Économie de la construction
La pierre comme levier d’amélioration du bilan carbone d’un bâtiment est donc une option intéressante mais pas magique. Elle se confronte aussi à un cadre réglementaire constitué dans les dernières décennies, en son absence. La construction en pierre peine encore à rentrer dans les cases de la norme. On la contraint ainsi régulièrement à être renforcée de chaînages verticaux en béton complexifiant sa mise en œuvre alors qu’ils sont probablement inutiles. Enfin, du point de vue thermique, la forte inertie du matériau est un avantage pour le confort d’été seulement si ses parois ne sont pas isolées, ce qui, dans les faits, n’est quasiment jamais le cas. Du point de vue de l’économie de la construction, un mur en pierre vaut sensiblement plus cher qu’un voile de béton armé revêtu d’un enduit. Mais ce revêtement ne résistera pas plus d’une trentaine d’années tandis que la surface de la pierre peut traverser un siècle sans dommage; le raisonnement en coût global lui est donc favorable. Denis Eliet et Laurent Lehmann rapportent que le choix de la pierre renchérit d’environ 5 % le coût de la construction de leur immeuble en travaux à Versailles. Mais ils soulignent que ce surcoût peut être absorbé assez facilement par une meilleure maîtrise du coefficient de forme et du ratio surfaces utiles/ surfaces construites.

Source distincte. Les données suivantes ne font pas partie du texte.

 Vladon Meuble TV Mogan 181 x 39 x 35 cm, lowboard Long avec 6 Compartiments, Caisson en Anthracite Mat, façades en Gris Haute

La formation des architectes
Du côté de l’université, les écoles d’architecture et d’ingénieurs réintègrent désormais l’art de bâtir en pierre (et plus largement en matériaux bio et géosourcés) dans leur cursus comme à Versailles, Grenoble, Rouen ou Lyon au travers du projet Ressources porté par AMACO et financé par l’Agence nationale de la recherche (ANR). Les centres de formation des Compagnons du devoir y sont associés. Ces pédagogies nouvelles donneront aux futurs architectes les compétences nécessaires pour construire avec ces matériaux anciens restés dans l’angle mort de la modernité, en les intégrant au cadre de production contemporain. Cette évolution ne signe pas la fin du béton armé, loin de là, mais ouvre sans doute une période de rééquilibrage, favorable au bon matériau au bon endroit.